→ What this task involves
Under this line is a listing; return exactly the lines starting at the one with "Silber Gebraucht 2005" and running down to the one with "NBA: Οι Γουόριορς", and leave out its pictures.

→ Input material
________

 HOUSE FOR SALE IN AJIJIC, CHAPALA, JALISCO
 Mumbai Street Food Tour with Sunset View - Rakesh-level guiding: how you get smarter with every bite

________

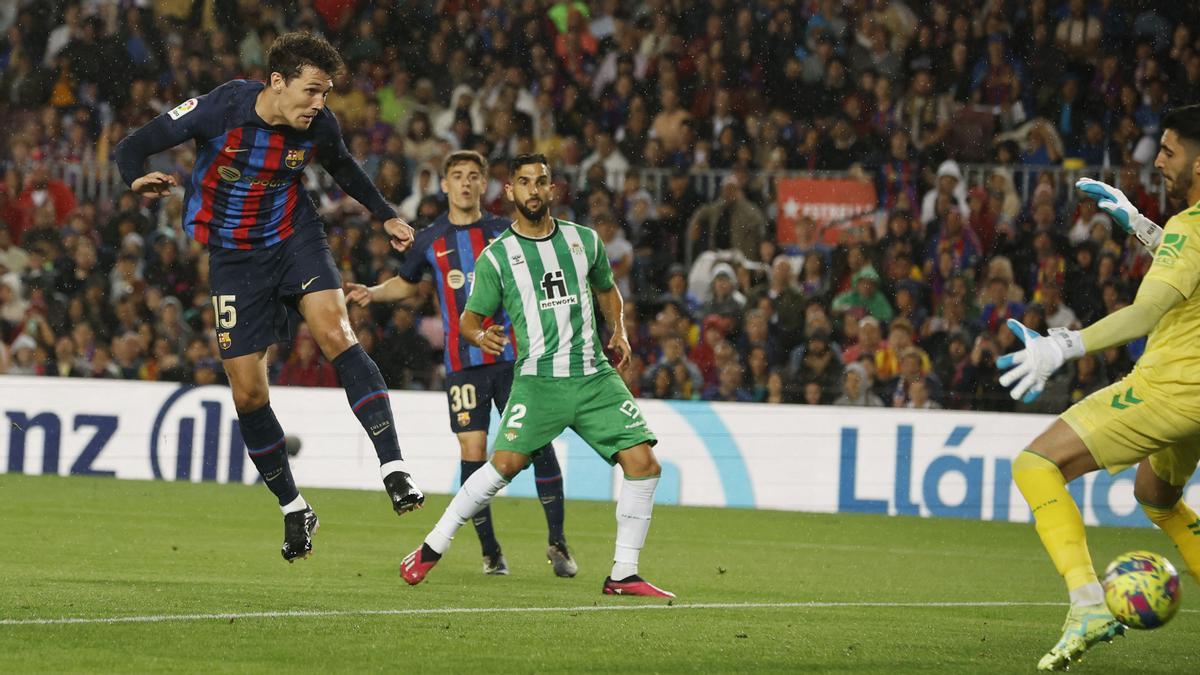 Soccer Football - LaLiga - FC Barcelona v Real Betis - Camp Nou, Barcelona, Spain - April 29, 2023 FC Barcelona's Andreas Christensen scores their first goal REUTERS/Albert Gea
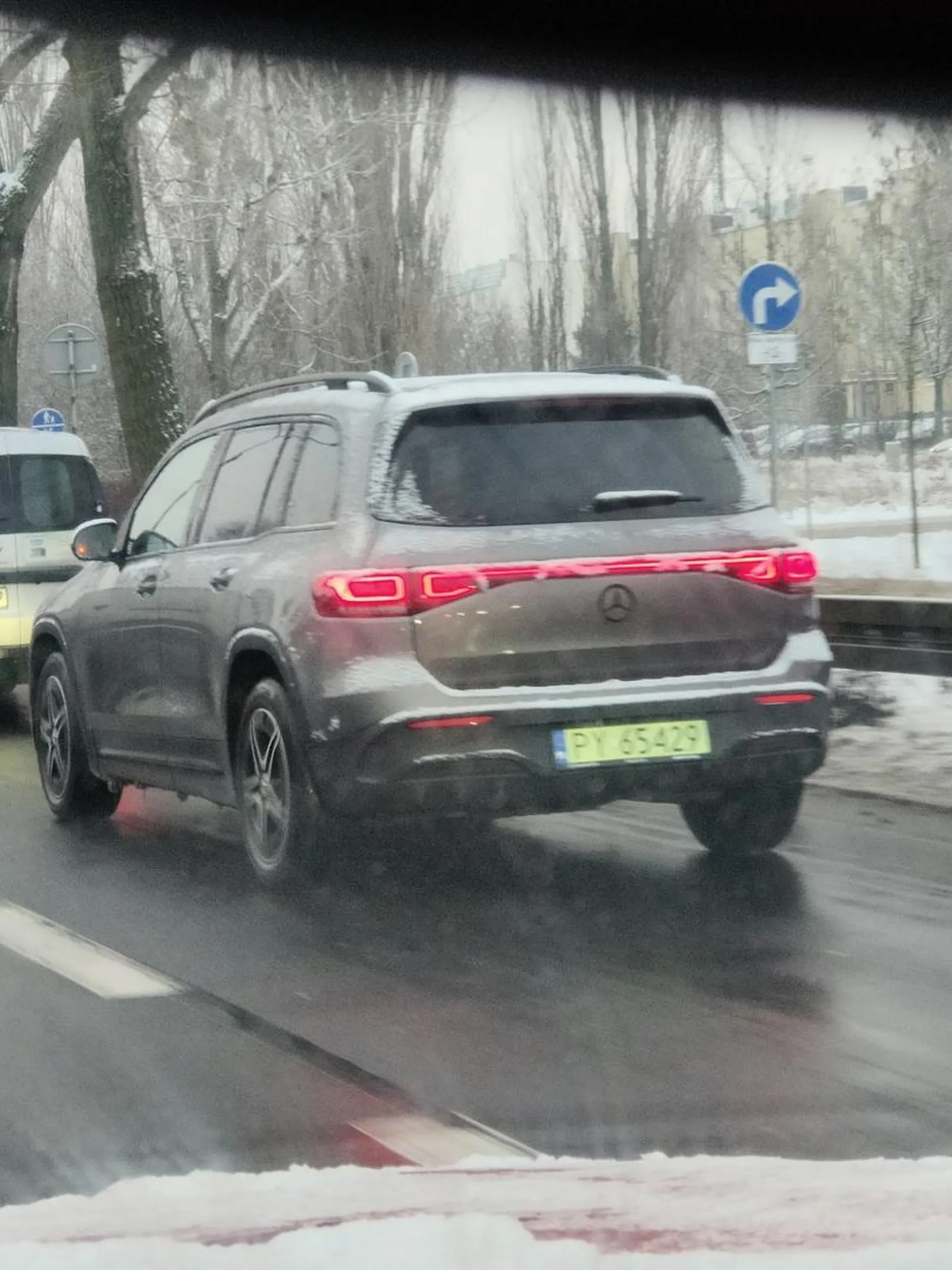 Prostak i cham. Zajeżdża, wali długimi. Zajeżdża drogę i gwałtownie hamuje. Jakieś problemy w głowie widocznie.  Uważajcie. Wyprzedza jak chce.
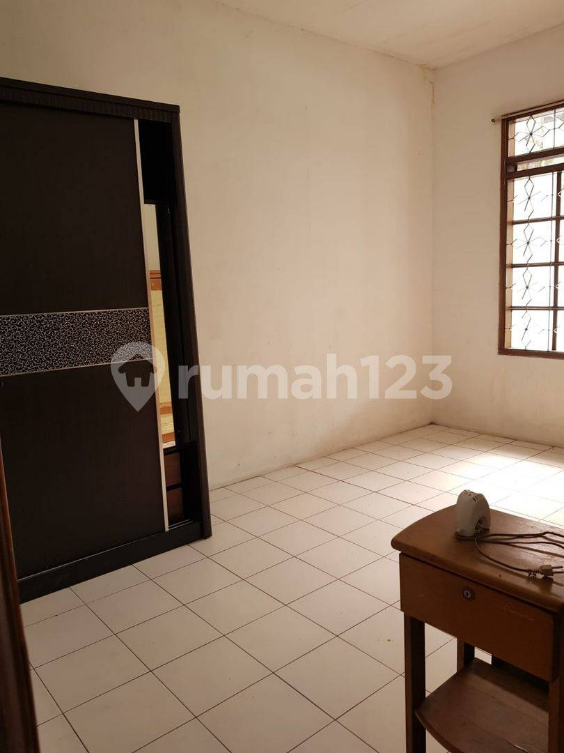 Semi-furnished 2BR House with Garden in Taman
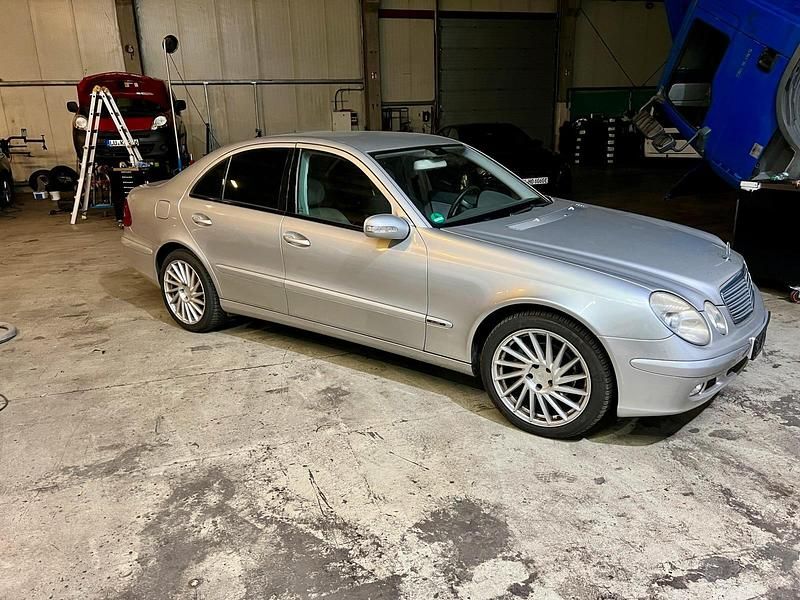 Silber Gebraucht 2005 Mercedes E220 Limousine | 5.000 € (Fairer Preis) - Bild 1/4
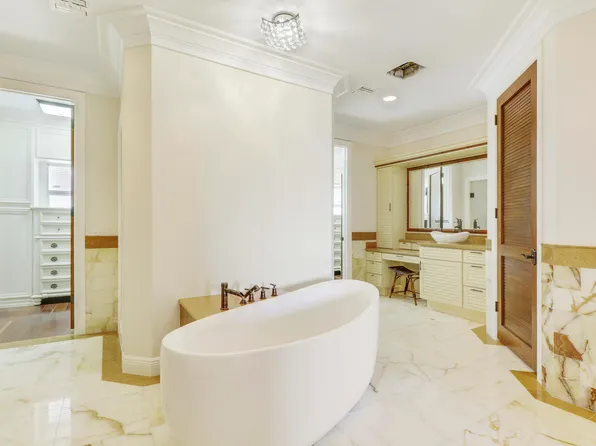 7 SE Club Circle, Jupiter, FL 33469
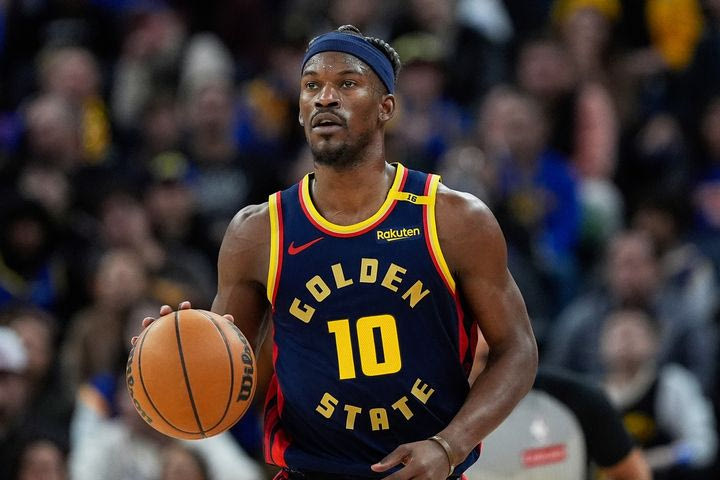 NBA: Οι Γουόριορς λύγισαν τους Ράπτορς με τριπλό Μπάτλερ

________

→ Completed task
 Silber Gebraucht 2005 Mercedes E220 Limousine | 5.000 € (Fairer Preis) - Bild 1/4
 7 SE Club Circle, Jupiter, FL 33469
 NBA: Οι Γουόριορς λύγισαν τους Ράπτορς με τριπλό Μπάτλερ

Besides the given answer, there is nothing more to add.